This section describes the comparison of data between pre and post-pandemic using the Prediction method and Clustering approach. The prediction of data on essential commodities is carried out based on their categories. There are 8 major categories in the dataset like Flours, Rice, Sugar, Grains, Pulses, Oil, Seasonal food, and Dried nuts. Each category consists of subcategories as shown in Fig 1. Only a few subcategories are mentioned in the diagram whereas the dataset includes other subcategories also.
The proposed work is implemented on the dataset collected from one of the B2B industry.
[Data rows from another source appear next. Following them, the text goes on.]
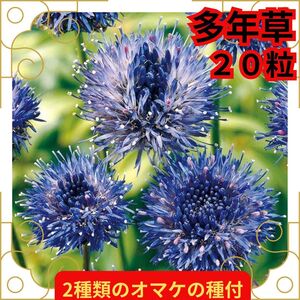 種 ヤシオネ ブルーライト 20粒 2種類のオマケの種付き 即決 多年草 花 正規品 たね タネ 種子 春まき 秋まき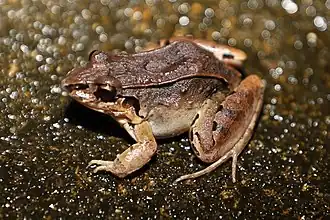 Description de l'image Leptodactylus poecilochilus.jpg.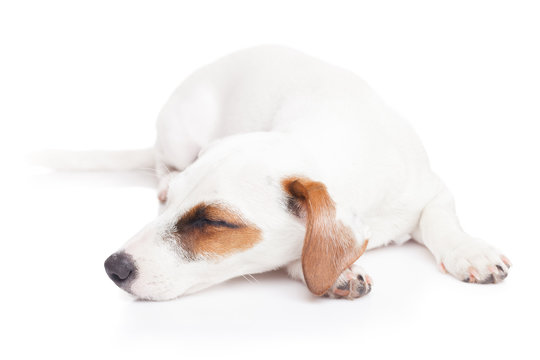 Sleeping Jack Russell terrier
The proposed approach includes 2 methods: Prediction/Forecasting and Data Clustering.
3.1 Prediction: Regression analysis helps to forecast the dependent variable based on one or more independent variables . One of the important part of Business Intelligence in the current period is Sales prediction .
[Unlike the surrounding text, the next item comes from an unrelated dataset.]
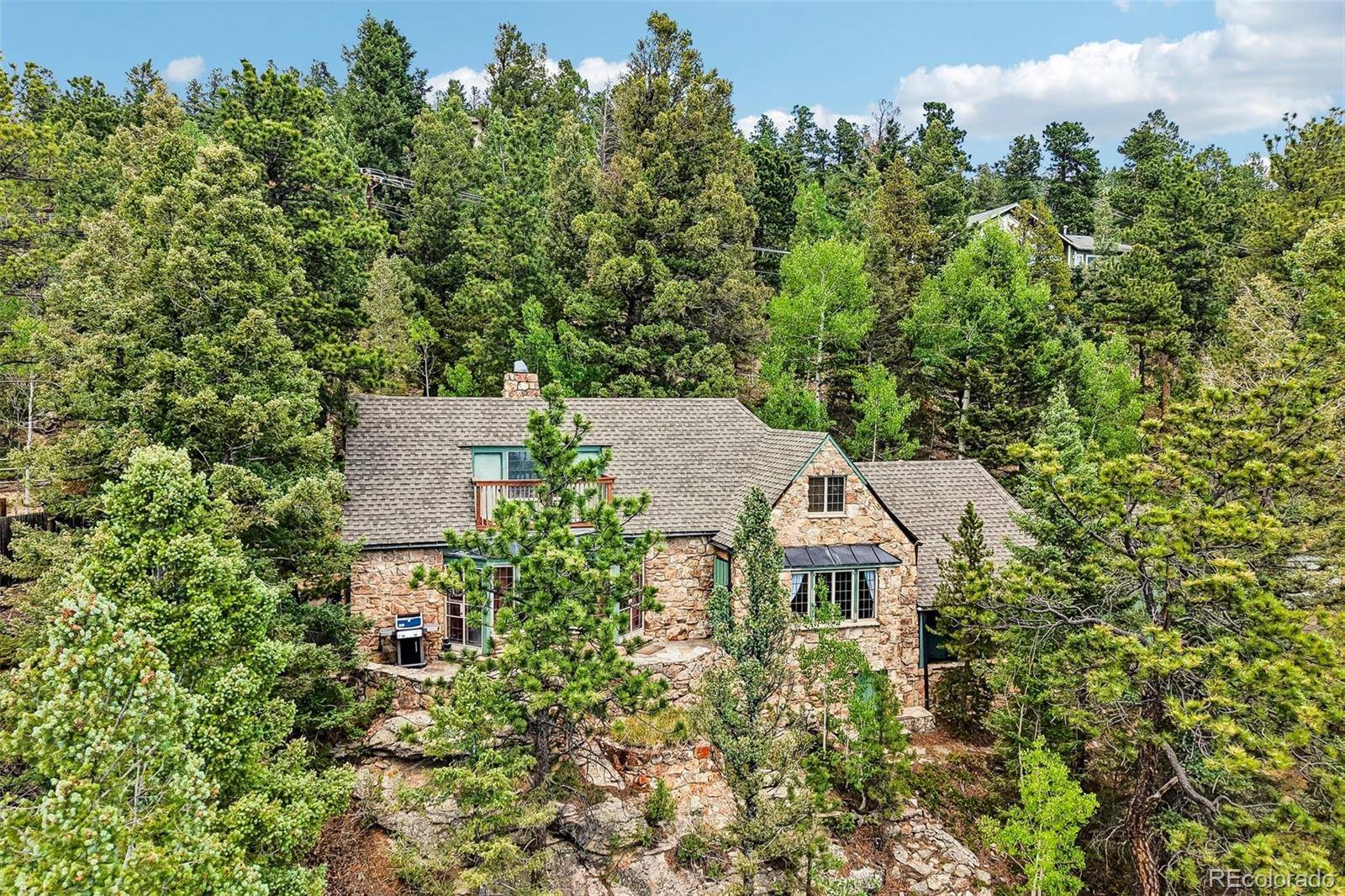11793 Braun WAY, Conifer, CO 80433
In this work, value generated is used as a dependent variable whereas independent variables are considered as individual store number, month, category and quantity sold. The equation generated using dependent and independent variables is termed as a Regression model. Value of dependent variable changes based on the month wise execution.
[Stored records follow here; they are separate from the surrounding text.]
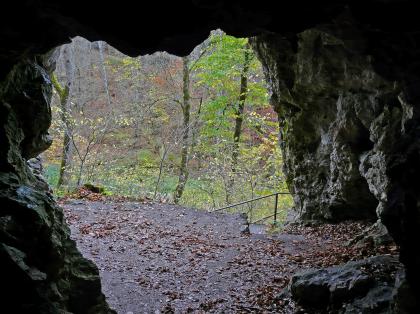 Höhle Kätherenküche – Blick durch den Eingang ins Brieltal Blick aus dem Inneren einer Höhle nach draußen auf Wald und angrenzende Wanderwege. Der Höhleneingang ist rechteckig und oben gezackt.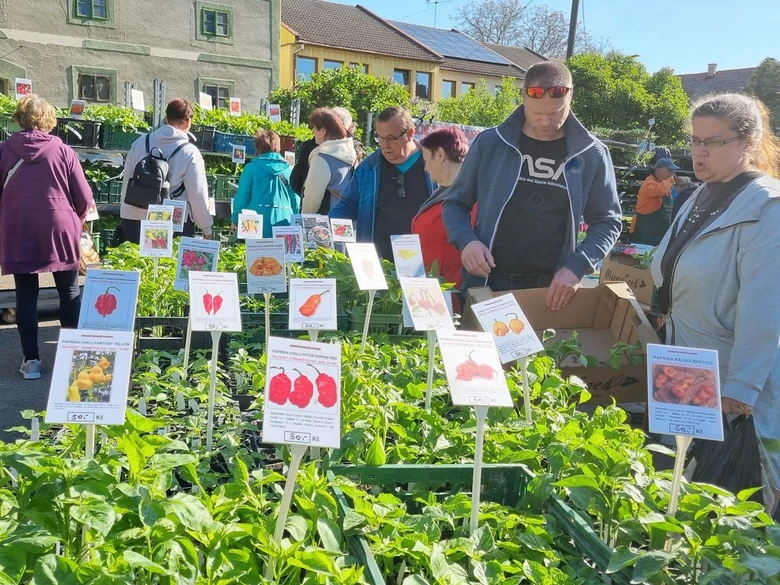 Venkovní trh v Ředhošti s rostlinami a značkami pro prodej.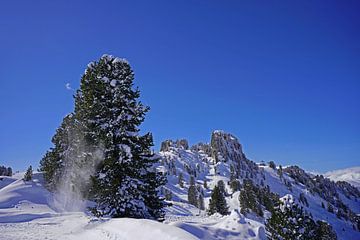 Winterwandeling in de Tuxer Alpen in Oostenrijk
3.2 Clustering: since the forecasted data is varying from pre and post covid after comparing actual and predicted values, k-means algorithm is used to analyse:
- what categories of data is varying?
- How much amount of different categories are varying in month wise?
K-Means: This helps us to analyse the sales of essential commodities month wise. Three clusters are formed as shown in the Fig 2, Lowest, Average and High sales. Out of 8 categories, K-Means is used to group the categories based on the 3 clusters formed for each month. Steps of the proposed work is as follows:
Step 1: Input of half yearly Dataset of 2019.
Step 2: Forecasting on the analysis of category and month wise separately.
Step 3: Input of half yearly Dataset of 2020.
Step 4: Comparison between predicted values of 2019 and 2020
Step 4: Major variation seen in the month of March to May, that is post covid prediction compared to pre pandemic.
Step 5: K-Means is applied for 2020 data to check the sales of various categories separately.